60 Minutes breathlessly added:
However, according to internal Merck documents 60 Minutes has seen, and interviews with outside scientists, Merck had concerns that Vioxx could possibly cause cardiovascular risks long before it was pulled off the market.
Of course they had these concerns. Those risks were known from the VIGOR trial, which was completed in March 2000, and whose results were reported to the FDA in June 2000.
Beginning in September, 2002, this new information was printed on the Vioxx package insert. It was reprinted, shortly after that, in the widely used 2003 version of the Physicians' Desk Reference. The package insert devotes two full tables and a number of paragraphs to the risk of cardiovascular problems. The package insert shows that 45 of 4,047 patients on Vioxx experienced a cardiovascular thrombotic event, compared to only 19 of 4,029 patients on naproxen. The package insert goes on to say that Vioxx is not a substitute for aspirin and that patients who need cardiovascular protection should continue taking aspirin. It also notes the additional one in 4,000 risk of a fatal heart attack.
The real test of whether Merck was responsible is a market test: after this information was revealed to the public in September 2002, did the demand for Vioxx decline? If it didn't decline substantially, that suggests that people taking Vioxx were not very concerned about this small additional risk. You might argue that people are not informed enough to know about this risk. But their doctors are, and doctors, in the U.S. at least, write all the prescriptions for Vioxx. Doctors regularly page through the Physicians' Desk reference and word on Vioxx would have been out by early 2003. Yet the worldwide demand for Vioxx grew slightly while the U.S. demand declined slightly.
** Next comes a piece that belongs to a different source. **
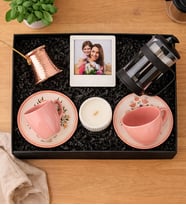 Kadınlara Özel Fotoğraflı Çerçeve Mum French Press Bakır Cezve Fincan Ve Kahve Fincan Seti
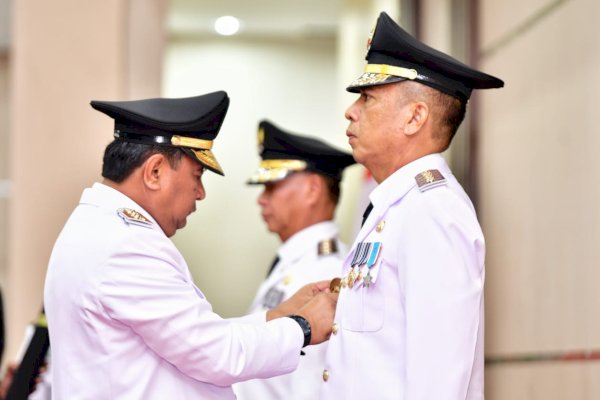 PJ Gubernur Sulsel Lantik Pj Bupati Enrekang dan Pj Wali Kota Parepare, Minta Segera Bergerak-Bekerja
The U.S. decline of five percent between the second quarter of 2003 and the second quarter of 2004, was so small that it could have been due to a number of other factors, including competition from similar drugs such as Celebrex. (Celebrex has also been linked to an increased risk of cardiovascular problems, but the drug's manufacturer, Pfizer Inc. has chosen not to withdraw it from the market.)
There's another test of Merck's responsibility or lack of same: look at the behavior of Merck employees, especially those intimately involved with the VIGOR study. After learning of the VIGOR results, did those employees who took Vioxx stop taking it? We don't know, but those data are relevant and, in fact, Merck would do well to gather them for its legal defense. And we do know one sample point. Merck's CEO, Ray Gilmartin, told a congressional committee that his wife took Vioxx until the day the company withdrew the drug. Unless we speculate that he was out to kill his wife slowly, and was willing to accept a low probability of succeeding, his and her behavior are powerful evidence that Merck was selling a drug it considered relatively safe.